▼

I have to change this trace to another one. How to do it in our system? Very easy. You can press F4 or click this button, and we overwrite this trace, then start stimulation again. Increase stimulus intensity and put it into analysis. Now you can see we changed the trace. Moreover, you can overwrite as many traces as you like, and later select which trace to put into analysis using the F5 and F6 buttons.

▲
▼

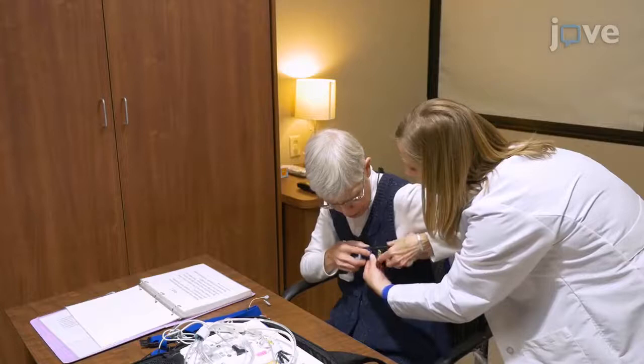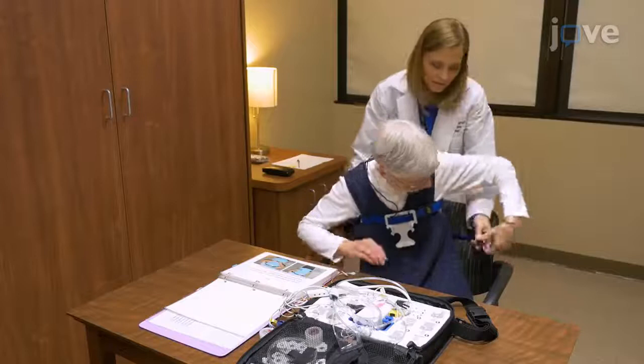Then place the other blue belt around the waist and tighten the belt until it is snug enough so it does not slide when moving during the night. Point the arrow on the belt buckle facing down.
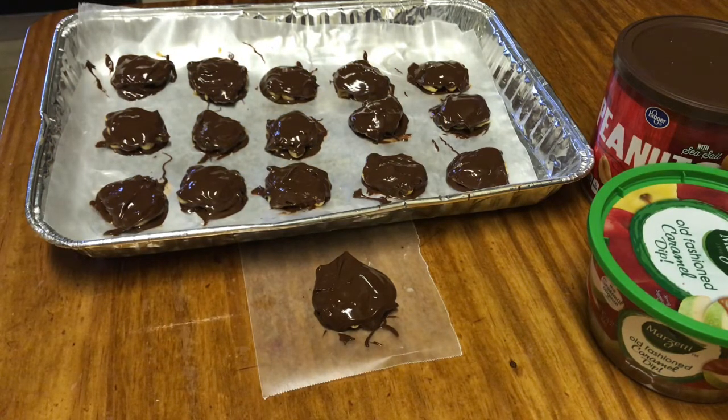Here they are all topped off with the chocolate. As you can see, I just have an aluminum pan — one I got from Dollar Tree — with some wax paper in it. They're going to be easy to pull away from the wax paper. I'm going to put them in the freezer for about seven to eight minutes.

▲
▼

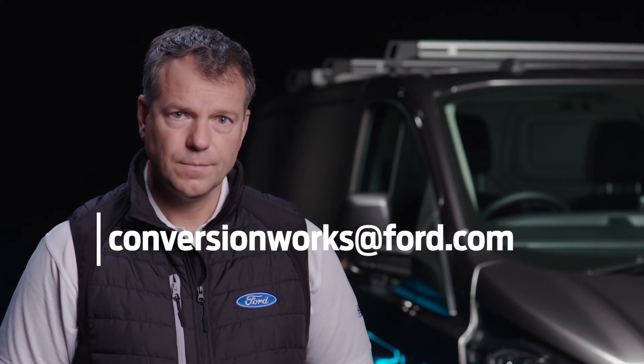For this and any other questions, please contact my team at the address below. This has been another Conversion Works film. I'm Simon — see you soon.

▲

→ **Required action**
Keep to the lines above from the line with "Then place the" to the line with "Here they are", and set down exactly those, inclusive, with nothing else and every picture left out.

→ **Solution**
Then place the other blue belt around the waist and tighten the belt until it is snug enough so it does not slide when moving during the night. Point the arrow on the belt buckle facing down.
Here they are all topped off with the chocolate. As you can see, I just have an aluminum pan — one I got from Dollar Tree — with some wax paper in it. They're going to be easy to pull away from the wax paper. I'm going to put them in the freezer for about seven to eight minutes.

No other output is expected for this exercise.